DAVID LEARMOUNT / LONDON

Investigation of the American Airlines Airbus A300-600 crash on 12 November is being slowed by "filtered" information from the flight data recorder (FDR), according to the US National Transportation Safety Board (NTSB).

The accident investigation organisation believes that it will find out what caused the crash just after take-off from New York Kennedy, but it will take longer than is usual.

The problem, says the NTSB, is that the system feeding the FDR is the same as that feeding the pilot's flight and engine instruments. The data feed to these is filtered to take out transient peaks and troughs to give the pilots steadier data displays - it is an averaging-out process, the NTSB adds. But in a case like this one, in which some crucial evidence may consist of very brief but sharp control-surface movements or loadings, filtering might be hiding important data, says the accident investigators.

In 1994, the NTSB recommended that the data to FDRs should not be filtered, and the US Federal Aviation Administration accepted the recommendation in 1997. The NTSB says that it "has alerted Airbus and the FAA to the problem noted on the recorder recovered from Flight 587".

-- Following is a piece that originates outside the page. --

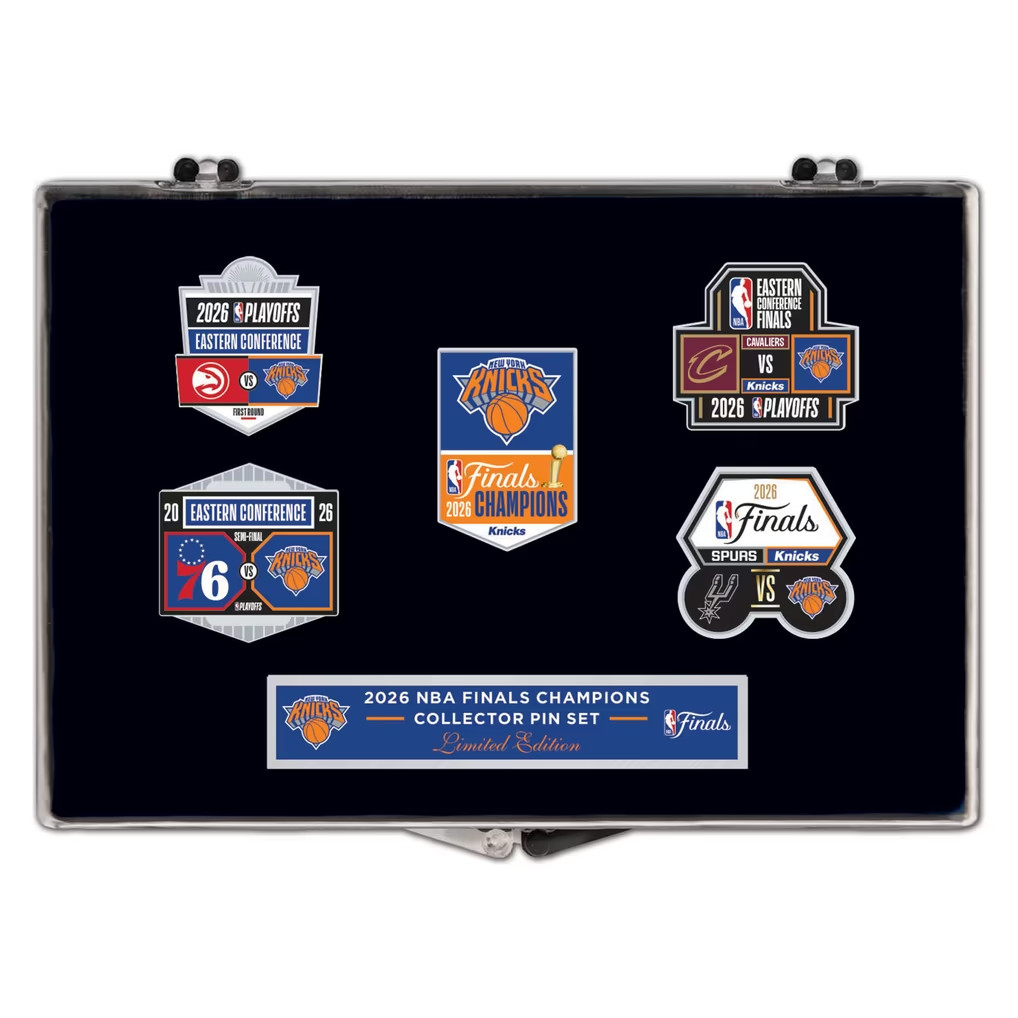 New York Knicks WinCraft 2026 NBA Finals Champions Five-Piece Collector Pin Set New York Knicks WinCraft 2026 NBA Finals Champions Five-Piece Collector Pin Set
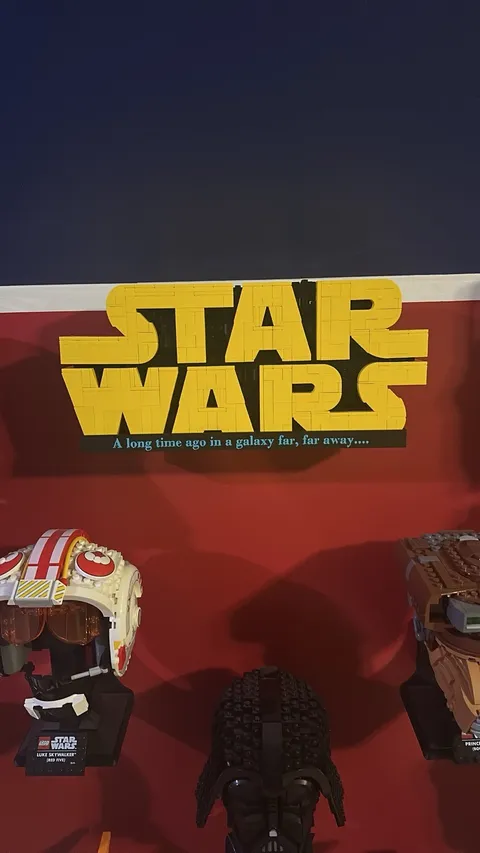 Display Shelf for Star Wars Lego set 75407 "STAR WARS LOGO"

Meanwhile, the board says it is looking for the tailfin of a "salvage" A300-600 on which it can carry out stress and "tear-down" tests to try to determine why the fin of the American Airlines aircraft broke away from its mountings without, according to data recovered so far, being under very great stress. The composite fin recovered from the crashed aircraft shows "some signs of delamination", says the NTSB, but it is unclear whether the problem predated the crash or was caused by it.